### [EXERCISE AIM]
When the data below is printed, every line must match exactly and the images must be absent.

### [STORED DATA]
####################

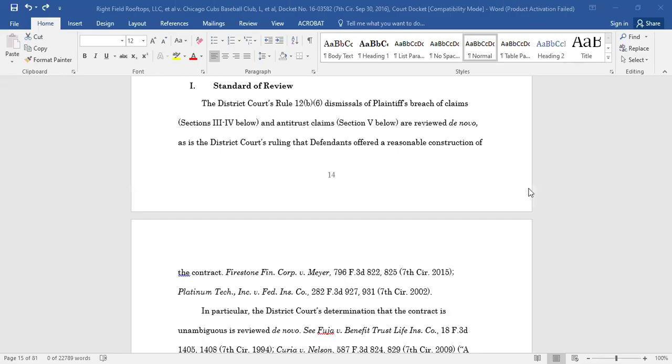This video will show you how to build a table of authorities in Microsoft Word. A table of authorities is a list of all the sources cited in a legal document that notes the page numbers on which each source has been cited.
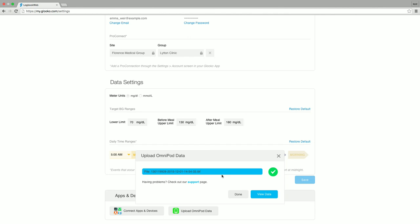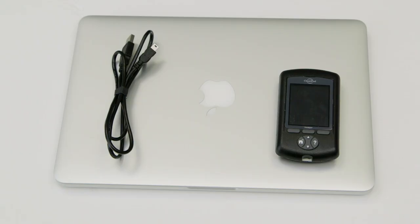Perfect! You've learned how to sync an Insulet Omnipod PDM with the MyGluco web uploader. Happy syncing!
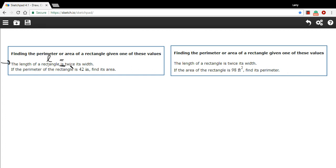And on the right, it says twice its width. Well, twice something is two times. So this is two times the width. We've got our equation that relates the sides.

####################

### [EXPECTED ANSWER]
This video will show you how to build a table of authorities in Microsoft Word. A table of authorities is a list of all the sources cited in a legal document that notes the page numbers on which each source has been cited.
Perfect! You've learned how to sync an Insulet Omnipod PDM with the MyGluco web uploader. Happy syncing!
And on the right, it says twice its width. Well, twice something is two times. So this is two times the width. We've got our equation that relates the sides.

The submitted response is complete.